Fast-forward to 2011 and you can find bottles of tooth cleanser lurking amidst the tubes and the tablets.
But, wonderful as your charcoal, your twig, your eggshells or your tin may be, none of them holds a candle to the lowly toothpaste tube.
Go ahead, burnt bread, can you do this?
Didn’t think so.
6 comments:
Enjoying your reflections on cleaning teeth brings to mind my Aunt Lee. Aunt Lee was a school teacher for forty years and a world traveller who never married. In her 70's she took a bus from Turkey to Afghanistan all by herself, just for fun, and departed just a few days before the Russian invasion.
She once received a Christmas gift which consisted of a hollow rectangular box-like device made of china (as teacups are) which had a slot cut in the top and a hole in each side. A long ceramic shaft split from one end (much like a bobby pin) ran through the holes.

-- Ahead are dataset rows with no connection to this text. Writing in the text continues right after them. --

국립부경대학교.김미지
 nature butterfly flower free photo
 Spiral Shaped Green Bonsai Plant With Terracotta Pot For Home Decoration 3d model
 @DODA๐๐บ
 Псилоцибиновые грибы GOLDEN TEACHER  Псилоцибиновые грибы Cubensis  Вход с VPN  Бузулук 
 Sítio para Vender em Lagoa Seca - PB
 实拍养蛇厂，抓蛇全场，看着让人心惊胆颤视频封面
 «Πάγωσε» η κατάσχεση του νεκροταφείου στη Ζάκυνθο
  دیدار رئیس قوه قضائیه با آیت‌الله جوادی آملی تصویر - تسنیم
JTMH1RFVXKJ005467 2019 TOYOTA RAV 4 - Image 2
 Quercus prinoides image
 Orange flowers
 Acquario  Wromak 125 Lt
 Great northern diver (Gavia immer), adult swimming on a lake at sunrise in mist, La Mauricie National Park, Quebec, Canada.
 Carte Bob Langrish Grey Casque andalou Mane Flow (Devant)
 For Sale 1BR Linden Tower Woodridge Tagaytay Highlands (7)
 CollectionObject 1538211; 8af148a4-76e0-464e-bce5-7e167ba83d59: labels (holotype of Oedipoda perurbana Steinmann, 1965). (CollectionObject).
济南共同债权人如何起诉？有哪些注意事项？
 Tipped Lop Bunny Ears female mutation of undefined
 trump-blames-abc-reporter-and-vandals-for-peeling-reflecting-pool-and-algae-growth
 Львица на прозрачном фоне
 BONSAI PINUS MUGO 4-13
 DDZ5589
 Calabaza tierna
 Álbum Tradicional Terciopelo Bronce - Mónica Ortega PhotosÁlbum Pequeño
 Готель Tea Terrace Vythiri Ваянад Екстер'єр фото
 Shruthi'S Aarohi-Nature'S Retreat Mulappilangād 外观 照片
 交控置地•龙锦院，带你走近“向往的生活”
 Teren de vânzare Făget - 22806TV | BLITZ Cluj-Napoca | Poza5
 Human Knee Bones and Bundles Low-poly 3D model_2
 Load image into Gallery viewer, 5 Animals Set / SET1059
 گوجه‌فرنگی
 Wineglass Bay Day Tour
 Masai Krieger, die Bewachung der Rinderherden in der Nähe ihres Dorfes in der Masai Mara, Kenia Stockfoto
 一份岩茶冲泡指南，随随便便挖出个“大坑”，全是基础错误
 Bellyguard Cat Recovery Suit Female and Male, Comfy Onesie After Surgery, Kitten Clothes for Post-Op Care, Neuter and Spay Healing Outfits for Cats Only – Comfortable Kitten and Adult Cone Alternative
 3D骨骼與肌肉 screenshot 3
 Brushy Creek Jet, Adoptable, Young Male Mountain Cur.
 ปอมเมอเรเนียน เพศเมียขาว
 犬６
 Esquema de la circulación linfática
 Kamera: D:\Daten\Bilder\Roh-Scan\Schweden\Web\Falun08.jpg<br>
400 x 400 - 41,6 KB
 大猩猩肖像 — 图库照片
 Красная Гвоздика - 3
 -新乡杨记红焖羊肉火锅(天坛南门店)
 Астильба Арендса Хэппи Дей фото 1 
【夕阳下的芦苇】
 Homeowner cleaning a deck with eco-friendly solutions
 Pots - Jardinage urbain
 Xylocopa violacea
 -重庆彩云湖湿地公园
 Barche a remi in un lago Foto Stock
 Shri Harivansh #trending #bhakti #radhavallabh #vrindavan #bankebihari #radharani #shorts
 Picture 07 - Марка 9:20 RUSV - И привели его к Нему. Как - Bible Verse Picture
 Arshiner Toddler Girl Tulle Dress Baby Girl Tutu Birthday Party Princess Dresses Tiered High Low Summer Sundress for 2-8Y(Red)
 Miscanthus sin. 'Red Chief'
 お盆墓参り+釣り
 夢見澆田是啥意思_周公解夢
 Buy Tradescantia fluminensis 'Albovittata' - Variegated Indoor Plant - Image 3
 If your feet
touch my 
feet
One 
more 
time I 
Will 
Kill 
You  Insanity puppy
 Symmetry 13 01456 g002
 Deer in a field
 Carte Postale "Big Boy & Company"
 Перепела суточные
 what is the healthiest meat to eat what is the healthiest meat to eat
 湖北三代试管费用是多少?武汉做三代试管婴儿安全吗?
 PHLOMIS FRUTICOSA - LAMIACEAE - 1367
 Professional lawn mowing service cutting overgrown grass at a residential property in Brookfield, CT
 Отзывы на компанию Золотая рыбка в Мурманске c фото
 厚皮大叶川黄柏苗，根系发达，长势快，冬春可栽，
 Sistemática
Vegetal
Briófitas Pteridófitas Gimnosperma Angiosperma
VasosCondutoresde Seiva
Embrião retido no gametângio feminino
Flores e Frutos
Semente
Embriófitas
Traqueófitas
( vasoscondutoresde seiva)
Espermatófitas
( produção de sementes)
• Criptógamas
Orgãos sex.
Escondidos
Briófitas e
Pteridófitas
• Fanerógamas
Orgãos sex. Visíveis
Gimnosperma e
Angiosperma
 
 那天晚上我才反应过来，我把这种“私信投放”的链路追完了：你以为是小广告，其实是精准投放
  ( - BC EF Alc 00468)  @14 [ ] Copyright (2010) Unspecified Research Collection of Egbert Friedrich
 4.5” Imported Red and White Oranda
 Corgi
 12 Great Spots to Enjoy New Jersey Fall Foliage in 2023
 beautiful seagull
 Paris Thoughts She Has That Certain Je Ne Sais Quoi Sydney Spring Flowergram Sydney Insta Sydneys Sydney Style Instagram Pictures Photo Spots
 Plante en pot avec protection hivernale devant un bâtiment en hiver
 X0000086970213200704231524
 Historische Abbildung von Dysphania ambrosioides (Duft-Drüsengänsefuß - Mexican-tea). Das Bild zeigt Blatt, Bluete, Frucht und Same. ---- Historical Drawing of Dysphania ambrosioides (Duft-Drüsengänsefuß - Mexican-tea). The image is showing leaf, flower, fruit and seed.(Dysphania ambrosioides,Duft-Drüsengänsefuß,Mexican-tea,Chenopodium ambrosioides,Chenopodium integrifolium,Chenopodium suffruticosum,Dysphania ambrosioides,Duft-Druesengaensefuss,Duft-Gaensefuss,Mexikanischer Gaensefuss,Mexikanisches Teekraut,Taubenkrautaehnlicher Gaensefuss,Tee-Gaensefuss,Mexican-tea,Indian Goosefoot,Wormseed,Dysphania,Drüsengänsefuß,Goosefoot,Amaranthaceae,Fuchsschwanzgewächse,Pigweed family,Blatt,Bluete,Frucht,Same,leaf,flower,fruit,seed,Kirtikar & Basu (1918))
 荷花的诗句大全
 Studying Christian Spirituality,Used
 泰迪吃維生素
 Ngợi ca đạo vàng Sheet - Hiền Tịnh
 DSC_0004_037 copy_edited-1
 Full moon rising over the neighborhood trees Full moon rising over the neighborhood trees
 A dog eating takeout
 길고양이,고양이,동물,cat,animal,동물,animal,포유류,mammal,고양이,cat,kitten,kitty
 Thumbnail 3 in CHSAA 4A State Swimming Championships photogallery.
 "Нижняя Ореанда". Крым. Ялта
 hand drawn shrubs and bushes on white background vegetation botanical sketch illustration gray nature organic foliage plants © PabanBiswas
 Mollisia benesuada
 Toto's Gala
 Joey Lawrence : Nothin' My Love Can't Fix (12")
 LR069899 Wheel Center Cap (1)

Aunt Lee wanted to send a thank you note for the present but after much thought and research couldn't discern just what it was. In the end, she sent a note marvelling at its beauty and ingenious utility without ever mentioning just how she actually used it. Years later she discovered that it was actually a device designed to role up a toothpaste tube! By the time she made the discovery, she no longer had her own teeth and was using Polydent to clean her dentures rather than toothpaste and thus the lovely present went unused. But in the end she did transfer it from the living room coffee table, where she proudly had it displayed (thinking its intent was decorative), to the bathroom where it belonged.
Oh Boyd, this is a great story! I think I would have liked your Aunt Lee. Now I am going to have to research 'toothpaste tube rollers' and see if I can see a picture.
By the way, did your aunt ever write her memoirs? She sounds like a woman who had some adventures.
I'd have to be desperate indeed (or have recently eaten an apple or a cob of corn) to apply a twig to my choppers!
What brought all this up? From what deeps do the thoughts of the Prude emanate?
Unfortunately, I know the "unmentionable", and am not going to thank you for the reminder!
Cute toothpaste tube, though.;-)
You've reminded me to be thankful for my beloved pink toothbrush and the two different types of toothpaste sitting on my counter, though I also used baking soda now and then during lean times in my childhood.
My mom made a point of teaching us to squeeze every last bit of paste from the tube in case money was tight when we grew up.
In her early nineties, Aunt Lee did start a memoir but she suddenly declined and lost her memory. So she asked me once why this story about travelling to China was in her trunk (she had started her memoir with a trip to China). It was sad. I scanned all her old photos hoping to recapture some memories for her but while she knew everyone prior to about 1935, she could recognise no one after that date (including me).
But we have great memories of her before her decline ~ she had a finely-honed sense of humour and I remember my Dad and her roaring with laughter when she would join us for holidays when I was a boy.